RFC-8259 JSON parse and stringify, implemented in pure Bop.

Performance is reasonable for scripting workloads (config files, API payloads up to a few MB). A C-backed parser would be faster but would pull bop-std out of its zero-Rust-dep contract.

Import

use std.json                       // glob
use std.json.{parse, stringify}    // selective
use std.json as j                  // aliased

stringify(value)

Emit value as JSON text. Bop values that have no JSON analogue (fn, struct, enum) raise a runtime error — strip them out before calling.

use std.json.{stringify}

print(stringify(42))                           // "42"
print(stringify("hello"))                      // "\"hello\""
print(stringify([1, 2, 3]))                    // "[1,2,3]"
print(stringify({"name": "Alice", "age": 30})) // '{"name":"Alice","age":30}'
print(stringify(true))                         // "true"
print(stringify(none))                         // "null"
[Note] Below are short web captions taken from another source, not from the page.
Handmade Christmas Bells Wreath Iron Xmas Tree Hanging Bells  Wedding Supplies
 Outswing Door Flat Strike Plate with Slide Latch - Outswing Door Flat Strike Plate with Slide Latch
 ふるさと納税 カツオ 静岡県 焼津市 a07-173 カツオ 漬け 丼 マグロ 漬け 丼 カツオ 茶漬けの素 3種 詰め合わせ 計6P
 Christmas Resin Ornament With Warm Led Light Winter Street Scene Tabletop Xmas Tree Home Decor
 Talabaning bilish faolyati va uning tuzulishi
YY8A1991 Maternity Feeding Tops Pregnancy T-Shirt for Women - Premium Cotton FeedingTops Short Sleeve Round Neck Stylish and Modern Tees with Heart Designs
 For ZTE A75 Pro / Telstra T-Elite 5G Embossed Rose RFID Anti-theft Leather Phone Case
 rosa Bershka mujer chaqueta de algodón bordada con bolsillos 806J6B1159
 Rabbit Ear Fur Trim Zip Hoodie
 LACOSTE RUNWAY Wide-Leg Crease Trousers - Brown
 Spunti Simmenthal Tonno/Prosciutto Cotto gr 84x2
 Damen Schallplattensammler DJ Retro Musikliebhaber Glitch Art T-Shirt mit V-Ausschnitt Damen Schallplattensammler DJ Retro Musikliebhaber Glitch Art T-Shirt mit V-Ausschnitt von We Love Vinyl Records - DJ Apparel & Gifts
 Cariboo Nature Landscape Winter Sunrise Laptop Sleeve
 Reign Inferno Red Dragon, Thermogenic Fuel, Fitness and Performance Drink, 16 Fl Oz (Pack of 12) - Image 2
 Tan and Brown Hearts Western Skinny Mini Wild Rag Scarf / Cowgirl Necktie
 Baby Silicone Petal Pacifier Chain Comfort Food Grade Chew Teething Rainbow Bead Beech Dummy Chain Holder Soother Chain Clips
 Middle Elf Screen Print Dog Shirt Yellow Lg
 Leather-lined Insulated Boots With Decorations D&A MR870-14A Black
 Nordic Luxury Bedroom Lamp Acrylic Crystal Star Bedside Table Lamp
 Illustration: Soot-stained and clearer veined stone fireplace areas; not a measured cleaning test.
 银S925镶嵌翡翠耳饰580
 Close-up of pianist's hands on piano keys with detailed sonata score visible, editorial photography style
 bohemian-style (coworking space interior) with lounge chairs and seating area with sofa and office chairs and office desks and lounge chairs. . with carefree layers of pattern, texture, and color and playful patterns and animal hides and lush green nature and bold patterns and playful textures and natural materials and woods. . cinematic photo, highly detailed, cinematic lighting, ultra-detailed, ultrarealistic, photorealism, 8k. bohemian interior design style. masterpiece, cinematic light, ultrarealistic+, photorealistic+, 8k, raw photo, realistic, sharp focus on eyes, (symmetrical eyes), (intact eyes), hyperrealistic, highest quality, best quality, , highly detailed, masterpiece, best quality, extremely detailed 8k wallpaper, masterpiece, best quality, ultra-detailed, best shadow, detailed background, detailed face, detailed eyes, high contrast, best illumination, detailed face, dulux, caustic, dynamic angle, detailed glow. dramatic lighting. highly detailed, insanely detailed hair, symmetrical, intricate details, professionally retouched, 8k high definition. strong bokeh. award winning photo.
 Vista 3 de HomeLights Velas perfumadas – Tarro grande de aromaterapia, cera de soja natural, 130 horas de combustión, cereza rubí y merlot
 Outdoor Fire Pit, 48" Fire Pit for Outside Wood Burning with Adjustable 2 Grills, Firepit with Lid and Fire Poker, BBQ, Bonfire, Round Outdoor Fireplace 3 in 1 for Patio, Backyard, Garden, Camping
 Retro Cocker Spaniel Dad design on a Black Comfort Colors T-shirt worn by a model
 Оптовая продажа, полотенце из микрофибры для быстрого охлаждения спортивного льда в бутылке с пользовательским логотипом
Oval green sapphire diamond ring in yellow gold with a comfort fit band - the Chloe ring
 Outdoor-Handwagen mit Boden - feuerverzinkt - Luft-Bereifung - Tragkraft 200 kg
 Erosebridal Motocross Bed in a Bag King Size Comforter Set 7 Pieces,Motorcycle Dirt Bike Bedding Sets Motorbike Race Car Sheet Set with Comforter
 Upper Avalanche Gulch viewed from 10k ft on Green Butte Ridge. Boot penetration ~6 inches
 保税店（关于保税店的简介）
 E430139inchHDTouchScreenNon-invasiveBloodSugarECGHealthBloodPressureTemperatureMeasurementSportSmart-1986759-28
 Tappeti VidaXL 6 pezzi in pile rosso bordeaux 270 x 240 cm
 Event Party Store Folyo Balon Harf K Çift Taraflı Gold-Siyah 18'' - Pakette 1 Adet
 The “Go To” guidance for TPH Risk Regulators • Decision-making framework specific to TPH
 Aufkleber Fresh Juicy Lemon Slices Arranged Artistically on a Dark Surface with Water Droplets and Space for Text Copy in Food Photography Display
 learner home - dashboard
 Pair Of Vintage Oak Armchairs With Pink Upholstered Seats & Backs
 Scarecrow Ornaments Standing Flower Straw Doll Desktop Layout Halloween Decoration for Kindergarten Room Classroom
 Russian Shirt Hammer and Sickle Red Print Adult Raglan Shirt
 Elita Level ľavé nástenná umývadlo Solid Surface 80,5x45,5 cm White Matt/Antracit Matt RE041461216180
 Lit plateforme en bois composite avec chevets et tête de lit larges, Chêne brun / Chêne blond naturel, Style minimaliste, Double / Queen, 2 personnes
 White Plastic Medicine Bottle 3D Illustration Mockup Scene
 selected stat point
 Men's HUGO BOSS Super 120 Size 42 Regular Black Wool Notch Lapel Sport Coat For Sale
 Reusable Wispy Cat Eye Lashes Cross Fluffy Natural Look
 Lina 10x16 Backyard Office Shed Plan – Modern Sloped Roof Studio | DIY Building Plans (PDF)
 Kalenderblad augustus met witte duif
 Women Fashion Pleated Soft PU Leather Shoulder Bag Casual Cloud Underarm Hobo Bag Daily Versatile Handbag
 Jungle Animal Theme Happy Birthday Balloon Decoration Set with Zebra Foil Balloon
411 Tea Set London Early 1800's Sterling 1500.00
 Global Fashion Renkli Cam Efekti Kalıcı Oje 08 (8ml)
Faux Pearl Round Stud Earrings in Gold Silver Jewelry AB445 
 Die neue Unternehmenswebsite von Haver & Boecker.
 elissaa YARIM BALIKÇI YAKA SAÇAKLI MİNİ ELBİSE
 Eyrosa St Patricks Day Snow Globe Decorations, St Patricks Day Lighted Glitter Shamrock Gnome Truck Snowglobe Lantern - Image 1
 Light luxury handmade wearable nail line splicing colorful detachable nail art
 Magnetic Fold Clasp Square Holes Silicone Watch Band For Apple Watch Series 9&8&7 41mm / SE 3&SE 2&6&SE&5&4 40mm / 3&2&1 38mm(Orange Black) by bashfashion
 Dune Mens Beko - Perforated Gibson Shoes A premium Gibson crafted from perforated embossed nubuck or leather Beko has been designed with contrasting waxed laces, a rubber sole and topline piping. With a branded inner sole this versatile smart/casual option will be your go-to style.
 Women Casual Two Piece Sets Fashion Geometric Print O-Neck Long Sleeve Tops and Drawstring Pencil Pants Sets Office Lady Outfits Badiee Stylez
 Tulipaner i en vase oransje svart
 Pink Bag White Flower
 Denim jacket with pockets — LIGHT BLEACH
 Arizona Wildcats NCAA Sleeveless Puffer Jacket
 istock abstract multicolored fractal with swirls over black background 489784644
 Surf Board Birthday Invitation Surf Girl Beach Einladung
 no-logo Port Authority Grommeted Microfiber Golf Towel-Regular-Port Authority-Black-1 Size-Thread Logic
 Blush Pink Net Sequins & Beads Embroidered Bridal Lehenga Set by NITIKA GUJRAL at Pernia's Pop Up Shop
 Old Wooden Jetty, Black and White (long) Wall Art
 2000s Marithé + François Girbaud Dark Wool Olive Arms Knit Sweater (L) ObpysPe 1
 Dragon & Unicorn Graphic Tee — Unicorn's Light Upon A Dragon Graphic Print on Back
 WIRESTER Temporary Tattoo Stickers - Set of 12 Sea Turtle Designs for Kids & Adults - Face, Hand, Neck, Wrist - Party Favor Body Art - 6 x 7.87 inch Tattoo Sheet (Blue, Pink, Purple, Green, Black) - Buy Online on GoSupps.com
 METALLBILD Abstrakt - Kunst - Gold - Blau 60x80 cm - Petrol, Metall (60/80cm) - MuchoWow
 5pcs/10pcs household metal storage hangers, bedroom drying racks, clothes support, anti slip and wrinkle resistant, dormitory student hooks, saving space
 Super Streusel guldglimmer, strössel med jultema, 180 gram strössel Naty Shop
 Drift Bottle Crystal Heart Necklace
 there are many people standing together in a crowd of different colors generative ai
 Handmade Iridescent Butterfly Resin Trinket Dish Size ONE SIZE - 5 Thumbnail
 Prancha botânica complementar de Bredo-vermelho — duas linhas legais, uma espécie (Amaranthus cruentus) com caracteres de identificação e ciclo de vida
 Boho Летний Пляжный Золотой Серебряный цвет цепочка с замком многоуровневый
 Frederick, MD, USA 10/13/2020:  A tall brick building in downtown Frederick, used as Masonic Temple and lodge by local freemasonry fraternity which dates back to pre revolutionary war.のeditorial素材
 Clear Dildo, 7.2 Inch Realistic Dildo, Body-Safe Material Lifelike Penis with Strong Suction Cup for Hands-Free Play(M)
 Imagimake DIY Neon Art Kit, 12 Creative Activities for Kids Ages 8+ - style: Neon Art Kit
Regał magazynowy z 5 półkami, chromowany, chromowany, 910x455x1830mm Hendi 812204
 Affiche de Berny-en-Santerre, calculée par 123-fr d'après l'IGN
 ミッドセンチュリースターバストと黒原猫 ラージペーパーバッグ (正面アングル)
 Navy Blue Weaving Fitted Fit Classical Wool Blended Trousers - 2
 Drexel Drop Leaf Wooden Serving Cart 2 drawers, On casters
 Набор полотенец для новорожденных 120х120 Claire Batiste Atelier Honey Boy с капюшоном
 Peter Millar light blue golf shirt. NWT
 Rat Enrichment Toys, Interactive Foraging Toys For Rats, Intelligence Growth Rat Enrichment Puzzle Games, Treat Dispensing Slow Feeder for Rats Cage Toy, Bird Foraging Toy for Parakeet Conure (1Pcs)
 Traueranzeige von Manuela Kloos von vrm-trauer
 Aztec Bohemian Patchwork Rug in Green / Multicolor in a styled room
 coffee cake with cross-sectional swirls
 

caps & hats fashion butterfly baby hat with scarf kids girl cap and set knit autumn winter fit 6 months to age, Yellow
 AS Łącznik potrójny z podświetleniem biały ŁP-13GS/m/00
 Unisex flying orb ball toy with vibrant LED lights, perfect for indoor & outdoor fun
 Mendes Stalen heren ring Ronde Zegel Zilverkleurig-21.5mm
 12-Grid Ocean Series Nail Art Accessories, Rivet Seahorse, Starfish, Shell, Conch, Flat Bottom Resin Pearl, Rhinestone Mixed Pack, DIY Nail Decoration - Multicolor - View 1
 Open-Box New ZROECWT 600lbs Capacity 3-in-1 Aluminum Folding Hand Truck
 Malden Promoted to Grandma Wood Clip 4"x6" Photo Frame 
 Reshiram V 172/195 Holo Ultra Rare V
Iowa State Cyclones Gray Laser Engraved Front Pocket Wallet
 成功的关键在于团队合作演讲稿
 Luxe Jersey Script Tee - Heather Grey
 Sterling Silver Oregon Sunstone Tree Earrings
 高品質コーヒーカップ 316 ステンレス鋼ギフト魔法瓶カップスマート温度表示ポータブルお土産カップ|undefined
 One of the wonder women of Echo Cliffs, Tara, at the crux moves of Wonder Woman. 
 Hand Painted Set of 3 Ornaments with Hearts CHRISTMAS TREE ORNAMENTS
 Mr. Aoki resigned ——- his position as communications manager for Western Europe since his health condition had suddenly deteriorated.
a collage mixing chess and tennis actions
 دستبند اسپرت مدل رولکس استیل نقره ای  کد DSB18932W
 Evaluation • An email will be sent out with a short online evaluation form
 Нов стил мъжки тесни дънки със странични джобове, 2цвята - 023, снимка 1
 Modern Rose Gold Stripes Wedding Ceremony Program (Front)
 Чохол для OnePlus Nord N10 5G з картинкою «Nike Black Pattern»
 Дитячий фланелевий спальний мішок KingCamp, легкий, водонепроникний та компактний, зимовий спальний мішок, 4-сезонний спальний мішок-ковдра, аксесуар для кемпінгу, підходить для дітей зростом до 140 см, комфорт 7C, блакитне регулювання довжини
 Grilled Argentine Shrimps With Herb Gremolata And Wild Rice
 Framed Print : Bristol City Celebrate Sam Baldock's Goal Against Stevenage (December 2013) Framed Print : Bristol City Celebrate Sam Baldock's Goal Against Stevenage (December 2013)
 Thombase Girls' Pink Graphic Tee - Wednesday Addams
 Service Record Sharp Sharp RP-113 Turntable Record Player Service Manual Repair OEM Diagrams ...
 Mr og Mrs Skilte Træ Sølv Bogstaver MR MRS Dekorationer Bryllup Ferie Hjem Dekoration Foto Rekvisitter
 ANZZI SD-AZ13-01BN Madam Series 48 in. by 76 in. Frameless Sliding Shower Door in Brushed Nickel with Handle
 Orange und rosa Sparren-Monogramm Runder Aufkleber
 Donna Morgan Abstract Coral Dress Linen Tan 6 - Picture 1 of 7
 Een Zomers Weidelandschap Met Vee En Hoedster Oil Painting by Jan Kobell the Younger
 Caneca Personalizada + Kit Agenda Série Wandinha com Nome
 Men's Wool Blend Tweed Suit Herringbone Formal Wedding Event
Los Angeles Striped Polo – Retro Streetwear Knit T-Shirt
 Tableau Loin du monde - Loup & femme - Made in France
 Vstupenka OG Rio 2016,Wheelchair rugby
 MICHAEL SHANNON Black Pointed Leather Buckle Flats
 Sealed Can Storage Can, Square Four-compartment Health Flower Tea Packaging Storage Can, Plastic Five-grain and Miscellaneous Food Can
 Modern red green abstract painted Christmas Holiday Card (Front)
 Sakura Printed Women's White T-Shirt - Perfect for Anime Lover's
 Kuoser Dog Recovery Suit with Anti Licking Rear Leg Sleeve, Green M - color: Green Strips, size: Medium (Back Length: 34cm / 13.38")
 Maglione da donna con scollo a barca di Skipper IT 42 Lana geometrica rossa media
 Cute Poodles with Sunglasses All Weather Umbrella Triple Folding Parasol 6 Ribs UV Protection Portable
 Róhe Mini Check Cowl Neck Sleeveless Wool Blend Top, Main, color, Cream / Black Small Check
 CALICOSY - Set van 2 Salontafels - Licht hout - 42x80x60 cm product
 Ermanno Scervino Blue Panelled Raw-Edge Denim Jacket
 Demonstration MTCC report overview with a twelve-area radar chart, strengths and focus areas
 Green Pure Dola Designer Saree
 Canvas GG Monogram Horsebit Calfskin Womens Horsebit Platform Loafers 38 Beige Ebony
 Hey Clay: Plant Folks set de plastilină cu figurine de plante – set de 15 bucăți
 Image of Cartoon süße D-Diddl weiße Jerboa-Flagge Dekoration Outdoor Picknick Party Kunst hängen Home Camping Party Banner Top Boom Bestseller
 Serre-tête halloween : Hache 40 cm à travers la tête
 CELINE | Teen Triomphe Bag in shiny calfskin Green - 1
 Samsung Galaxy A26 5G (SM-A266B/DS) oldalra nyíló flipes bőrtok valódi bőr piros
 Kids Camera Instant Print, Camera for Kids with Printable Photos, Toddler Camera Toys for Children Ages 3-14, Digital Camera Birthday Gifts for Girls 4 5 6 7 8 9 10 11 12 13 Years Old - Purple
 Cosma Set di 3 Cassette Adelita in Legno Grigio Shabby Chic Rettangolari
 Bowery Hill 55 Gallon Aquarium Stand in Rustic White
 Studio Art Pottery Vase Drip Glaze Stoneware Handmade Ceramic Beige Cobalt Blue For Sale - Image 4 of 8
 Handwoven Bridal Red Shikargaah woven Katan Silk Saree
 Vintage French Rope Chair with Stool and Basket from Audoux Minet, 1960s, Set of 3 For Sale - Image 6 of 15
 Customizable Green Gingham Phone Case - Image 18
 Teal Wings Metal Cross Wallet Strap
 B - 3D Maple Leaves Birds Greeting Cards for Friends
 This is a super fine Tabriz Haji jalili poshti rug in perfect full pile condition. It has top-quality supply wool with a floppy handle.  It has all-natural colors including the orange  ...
Strings are escaped for the five characters JSON requires (", \, \n, \r, \t). Other control characters under 0x20 are not currently escaped — fine for the common cases, but a known gap if you’re stringifying raw binary.

parse(text)

Parse JSON text into a Bop value. Parse errors raise a runtime error with a position marker.

use std.json.{parse}

print(parse("42"))                       // 42
print(parse("\"hello\""))                // "hello"
print(parse("[1, 2, 3]"))                // [1, 2, 3]
print(parse("{\"name\": \"Alice\"}"))    // {"name": "Alice"}
print(parse("null"))                     // none

Mapping

JSON typeBop type
number (integer)int
number (decimal / exponent)number
stringstring
booleanbool
nullnone
arrayarray
objectdict (keys must be strings, which JSON already requires)

Catching parse errors

parse raises on malformed input. Wrap in try_call if you want a Result-shaped outcome:

use std.json.{parse}

let r = try_call(fn() { return parse("\{broken") })
match r {
  Result::Ok(v)  => print("parsed: " + v.to_str()),
  Result::Err(e) => print("parse failed: " + e.message),
}
// parse failed: ...

(The leading \{ escapes the { so Bop doesn’t mistake it for a string-interpolation marker.)

Known gaps

  • \b / \f escapes are rejected. Rare in real payloads.
  • \uXXXX escapes are rejected — they’d need 4-hex parsing plus code-point-to-UTF-8 conversion, which is nontrivial in pure Bop.

Both raise a clear “unsupported escape” error so you know what happened.